Piney Woods School leaders, students visit Marshalltown Friday
T-R PHOTO BY ROBERT MAHARRY — A group of 10 seniors from the Piney Woods School in rural Rankin County, Miss., who are pictured alongside School President Will Crossley, Dean of Faculty Monica Crossley, Chief of Staff Renee Tillman and Marshalltown Mayor Joel Greer, toured the community on Friday and posed for a photo outside of Franklin Elementary School. Laurence C. Jones, the founder of Piney Woods, was the first African-American to graduate from Marshalltown High School in 1903.
Laurence C. Jones made history as the first Black student to graduate from Marshalltown High School in 1903, and he went on to become a pioneer in the field of education, eventually founding the Piney Woods School in rural Rankin County, Miss. and, in a legendary story that still lives on today, not only talking Ku Klux Klan members out of lynching him in 1918 but in turn convincing them to contribute money to benefit the school, his passion project.
Piney Woods, an independent 9-12 boarding school serving primarily Black students from across the U.S. and Africa, continues in its mission to this day, and on Friday, a group of 10 seniors along with School President Will Crossley, his wife Monica, the dean of faculty, and Chief of Staff Renee Tillman visited Marshalltown and met Mayor Joel Greer, relishing the opportunity to tour their founder’s hometown — including the historic and recently reopened Marshall County Courthouse and Franklin Elementary School, which housed the high school when Jones graduated — and enjoy a meal at the Tremont Italian Grille.
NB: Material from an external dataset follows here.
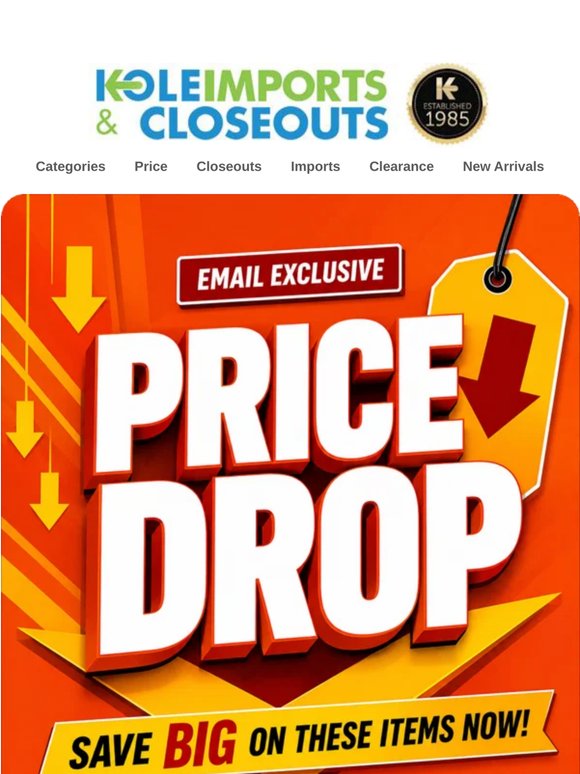🚨 Email Exclusive Price Drop Alert!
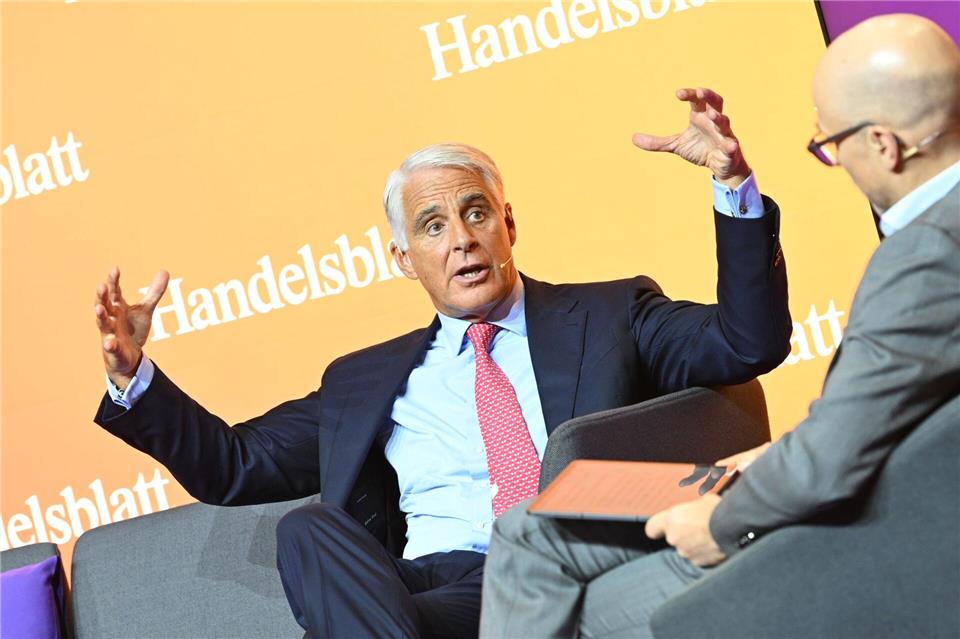 Im Herzen Frankfurts erläutert der Unicredit-Chef seine Pläne zu einer Übernahme der Commerzbank. (Foto Handout)Marc-Steffen Unger/Handelsblatt/dpa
“When (Will) first mentioned it and said we can go to Marshalltown, I got excited just because of knowing that that is how Piney Woods got started because the founder came from here,” Tillman said. “So for me, that was the whole purpose of this trip. I mean, I’m excited about all the other places that we got to go to, but being able to come here, it’s like a connection and a bond. I’ve been at Piney Woods for over 36 years now, and no one that I know of has been here. So you know, I was just excited and excited for the kids because it connects their present and their future with the past.”
Monica Crossley said she was grateful for the journey Jones took to the Deep South after he graduated from the University of Iowa in 1908 — instead of accepting a teaching position at the prestigious Tuskegee Institute in Alabama, he opted instead to work at the much smaller Utica Institute in Utica, Miss. and eventually setting out to reverse the 80 percent illiteracy rate in Rankin County, which is located just south of Jackson.
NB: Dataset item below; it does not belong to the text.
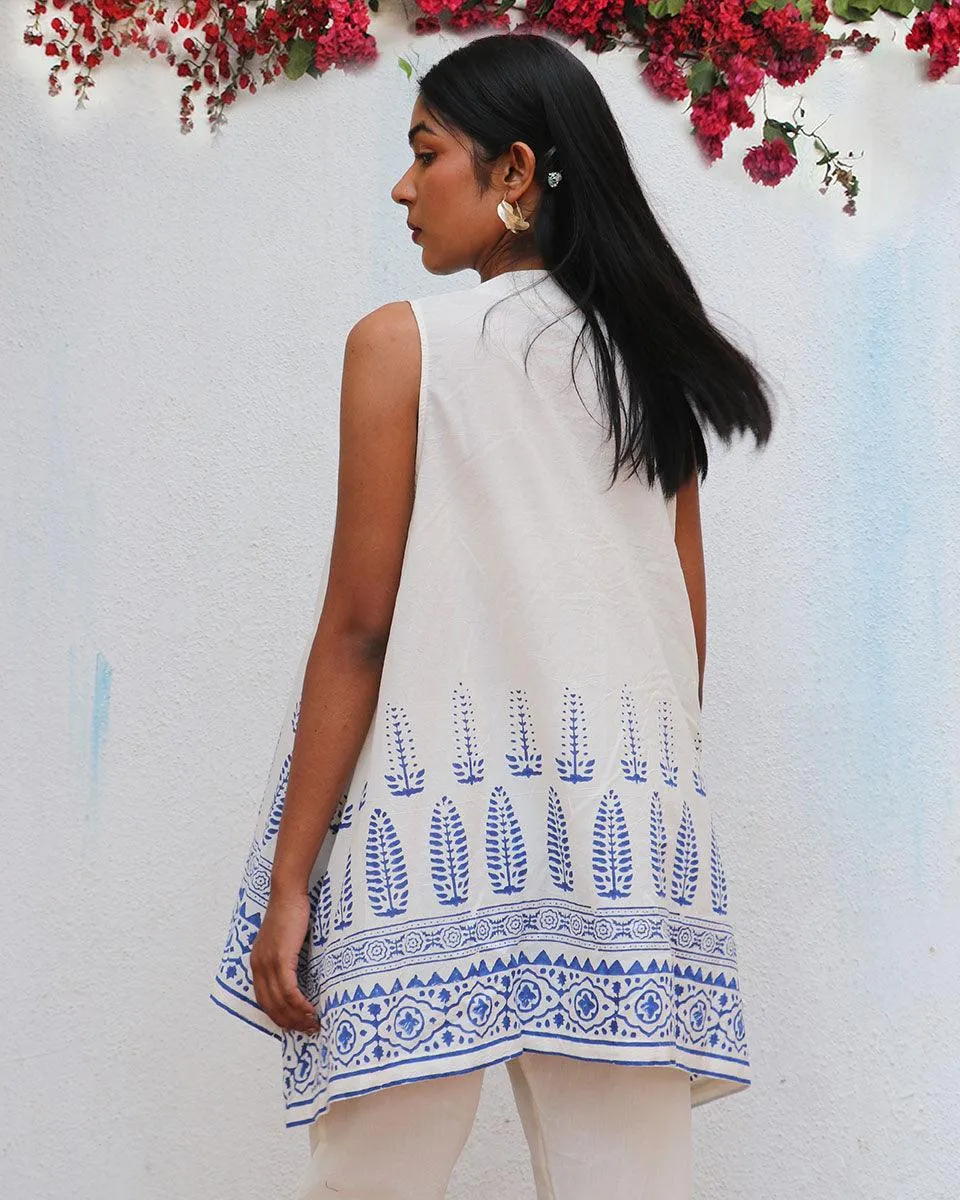 Helena Blockprinted Cotton Top - BGVL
“He was on a train with little or nothing. Everything he learned, he took from here so we could make opportunities for young people. And just making all the connections. It’s almost like everything’s coming to life, and it’s just remarkable,” Monica Crossley said.
Perhaps due to their preconceived notions of Iowa, Crossley and Tillman were surprised to learn that Marshalltown isn’t a “small town” in the traditional sense of the word, with nearly 28,000 residents living here. They’ve also learned lessons about agriculture as both Iowa and Mississippi have rich traditions in the field, and they were headed off to Grinnell and Des Moines for a stop at Drake University to wrap up the trip in the Hawkeye State before heading back home.
The leaders were happy to report that the students — who hail from places as wide ranging as Indianapolis, Atlanta, Charlotte and South Africa — have been engaged throughout the trip and are asking questions about how they can make an impact in their communities in the future as some of them prepare to head off to college next year.
“Now, they know there are different aspects because you have kids who want to be engineers, and now they’re seeing that there’s actually engineering in farming,” Tillman said. “They think about the mule and a plow kind of thing, but now they’ve been exposed. And just bringing them to this part of the country, a lot of them would not come this way otherwise. And so now, in their brains, they’re thinking, ‘I might want to come here.'”
Will Crossley, the first alumni of the Piney Woods School to ever serve as its president, called the experience “empowering at its core,” and he felt that it strengthened the bond between the community where Jones received his education and the one where he helped to educate so many others.
“To be able to take students to see that, and the same person built the place that they live every day. And so (the goal is) for that to be an empowering lesson for them about what’s possible regardless of the obstacles and the challenges, I think this has been the most empowering thing we’ve done in a long time,” he said. “I think that’s what I’m taking from it… The really, really interesting thing is that you never know where relationships lie and where people connect. There were connections that we haven’t fully appreciated, and so just being here, even for these few days, has been an awesome, awesome time.”
Perhaps it’s fitting, then, that one of the largest buildings on the Piney Woods campus is called Iowa Hall, and the meaning behind it isn’t lost on Crossley, whose credentials include an appointment to a Department of Education post during the Obama administration and a stint as the chief legal counsel for the Democratic National Committee.
“We’ve always had this connection with Iowa, and it’s about time that we make good on our part of it. So here we are,” he said.